Braverman sacked as home secretary after policing row

Suella Braverman's departure follows a string of controversies and criticism of criticism of civil servants
Suella Braverman has been sacked by the prime minister. Photo: Uwe Deffner/Alamy

By Tevye Markson

13 Nov 2023

Suella Braverman has been sacked as home secretary as Rishi Sunak reshuffles his cabinet.

The prime minister asked Braverman to leave his government this morning, which she accepted. James Cleverly has been swiped from the Foreign Office to replace her, with former PM David Cameron the surprise new foreign secretary.

Braverman's sacking follows her failure to get approval from No.10 for an article published in The Times last week that accused the police of bias in the policing of pro-Palestinian protest marches. It also comes ahead of a Supreme Court ruling on the government's controversial plan to send asylum seekers to Rwanda on 15 November.

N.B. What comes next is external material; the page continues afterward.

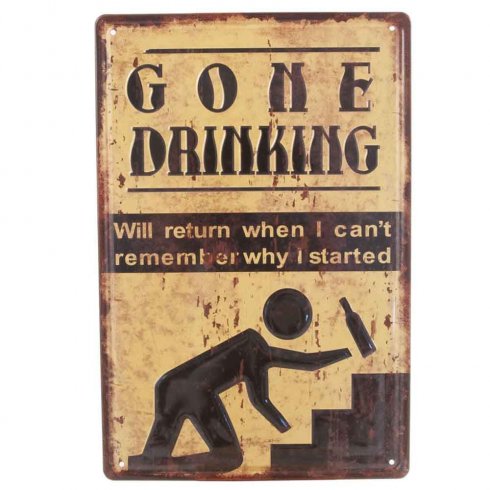 Metallskilt «Gone Drinking», 20 x 30 cm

Braverman also prompted fury by claiming that homelessness was a "lifestyle choice", prompting complaints from a number of Conservative MPs.

Downing Street confirmed last Thursday that it had not approved the op-ed by the home secretary before it was published. However, a No.10 spokesperson said on Thursday morning that at that point, the prime minister still had confidence in Braverman.

Braverman said in a statement: “It has been the greatest privilege of my life to serve as home secretary. I will have more to say in due course.”

Originally appointed as home secretary in September 2022 by then-PM Liz Truss, a promotion from her role as attorney general, Braverman resigned just over a month later after breaching the ministerial code by sharing an official document from her personal email address with a parliamentary colleague. She was then reappointed to the senior cabinet role by Sunak when he became PM in October 2022.

Her position in cabinet has come into question several times over the last year, including in May, when it was revealed she had been caught speeding by police and had asked civil servants to arrange a private one-to-one driving awareness course to avoid having to do so publicly.

She avoided an investigation over this, with Sunak telling her in a letter he had consulted with his independent adviser and concluded the incident was not a breach of the ministerial code.

Braverman has been involved in a number of other controversies during her time in government, including an email attributed to her in which attacked civil servants for “blocking" immigration policy.

A CCHQ email sent in Braverman’s name in March, which she insisted she neither saw nor signed off on, said: “We tried to stop the small boat crossings without changing our laws. But an activist blob of left-wing lawyers, civil servants and the Labour party blocked us.”

Cabinet secretary Simon Case later revealed that then-chairman of the Conservative Party Greg Hands had apologised for the email.

The home secretary has criticised civil servants in her department on several occasions, taking aim at Home Office asylum case workers’ “low” productivity last year.

“Our asylum caseworking team do a great job but their productivity, frankly, is too low. The average decision-making rate of a decision-maker per week is one. We need to increase that considerably,” she said.

Braverman again criticised civil servants this summer after the Home Office had to evacuate a barge holding asylum seekers just four days after they were moved onto the boat due to the discovery of legionella bacteria in the water system.

“Am I disappointed with what’s happened? Am I frustrated with what’s happened? Am I angry with what’s happened? Absolutely I am. And I’ve made it very clear to the parties involved, to the civil servants involved who oversaw that,” Braverman told BBC Radio 4’s Today programme.

Before becoming home secetary, Braverman also targeted civil servants for criticism towards the end of her time at the Government Legal Department.

She ordered officials to scrap diversity, equality and inclusion training in August 2022, calling it a “new religion”, and said diversity and inclusions roles in the civils service are “part of the problem, not the solution”. 

“Britain needs a lot of things but it certainly doesn’t need woke commissars policing our thoughts,” Braverman said.

Just a month before, she had accused civil servants of resisting attempts at post-Brexit reform. She said she had found “some of the biggest battles you face as a minister are, in the nicest possible way, with Whitehall and internally with civil servants, as opposed to your political battles in the chamber”.

There is “an inability to conceive of the possibility of life outside of the EU” among civil servants that has hampered ministers’ attempts at reform, Braverman said.

“What I have seen time and time again, both in policymaking and in broader decision making, [is] that there is a Remain bias. I’ll say it. I have seen resistance to some of the measures that ministers have wanted to bring forward,” she added.